Foreign Policy Blogs

Differing Views of Terrorist Driver's Fate

The European media devoted heavy coverage to the relatively lenient prison sentence (five and half years) for terrorist offenses given to Salim Ahmed Hamdan, Osama Bin Laden's former driver, by a military tribunal at Guantanamo Bay August 7. But while the European media has been virtually unanimous in denouncing Guantanamo and everything to do with it, interpretations of the sentence varied widely.

The British leftish daily the Guardian and the German conservative daily Frankfurter Allgemeine Zeitung both reported the argument that the verdict could help legitimize the military tribunal. From Washington, the Guardian's Elena Schor reported that

" supporters of the tribunal process asserted that Hamdan's acquittal [on some charges] by the jury of six military officers immunized the Bush administration from criticism that Guantanamo defendants are deprived of basic legal rights."

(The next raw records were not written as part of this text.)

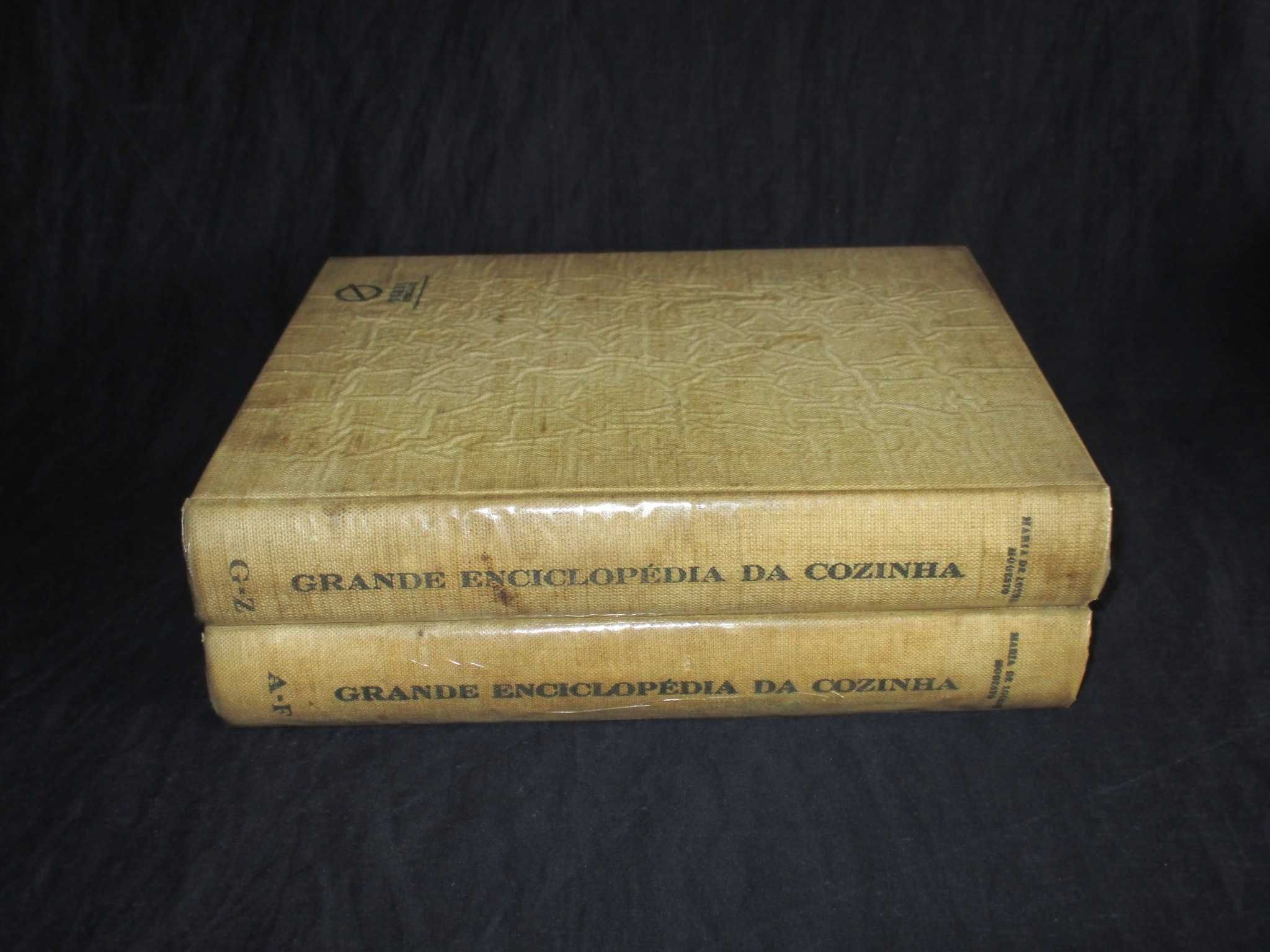 Livros Grande Enciclopédia da Cozinha Maria de Lourdes Modesto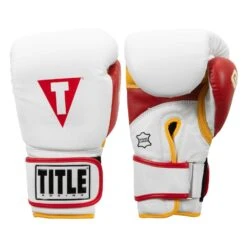 TITLE Boxing Gel World V2T Bag Gloves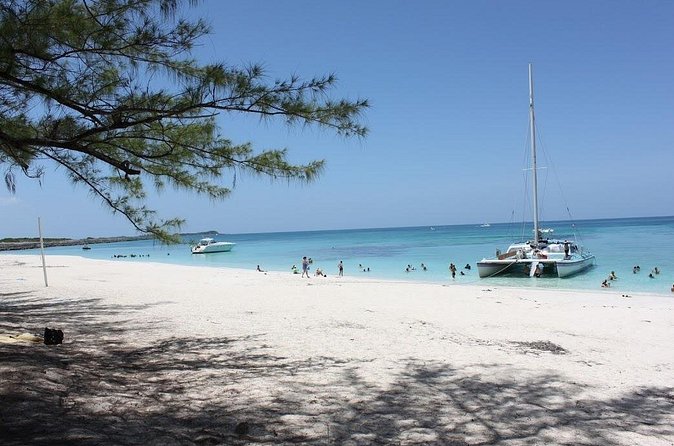 All Inclusive Half Day Sail and Snorkel - Who Will Like This Experience Most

Similarly, Frankfurter Allgemeine Washington correspondent Katja Gelinsky cited both John McCain, who said that the verdict "shows that the jurors have carefully weighed the evidence for and against," and prosecutor Lawrence Morris, who said it confirmed “the fairness and justice of the tribunal."

The tone in the Guardian and the Frankfurter Allgemeine was similar to that of an August 8 article in The New York Times. While acknowledging that the trial had raised critical questions about the military tribunals, The New York Times reported that "military prosecutors here said the sentence proved that the Bush administration's system for trying detainees was legitimate and fair."

A different line was taken by the Times of London's Washington correspondent Tim Reid, who concluded that Hamdan "will never be released" , because the Pentagon may hold enemy combatants indefinitely. This was not regarded as a foregone conclusion by the Guardian or the Frankfurter Allgemeine. The Guardian reported that

"The judge in his case, U.S. navy captain Keith Allred, told reporters at the prison camp that it is unclear what future Hamdan faces in six months but that he would likely be eligible for an administrative review of his status."

Reid also characterized the verdict as "the latest blow to the Bush Administration's efforts to justify its highly controversial military tribunal system at Guantanamo Bay." Rather than legitimizing the court, as suggested by the Guardian, the Frankfurter Allgemeine, and the New York Times, Reid reported that the verdict would

"bolster the case made by civil rights groups, and much of the international community, that holding Guantanamo Bay detainees indefinitely is unjustifiable, particularly after they have been tried."

In a commentary August 8, Reid went as far as to claim that "the five and a half year sentence was nothing short of a disaster for the Bush administration," and that "the White House has made clear for months that whatever happened to Hamdan, he would still be held indefinitely."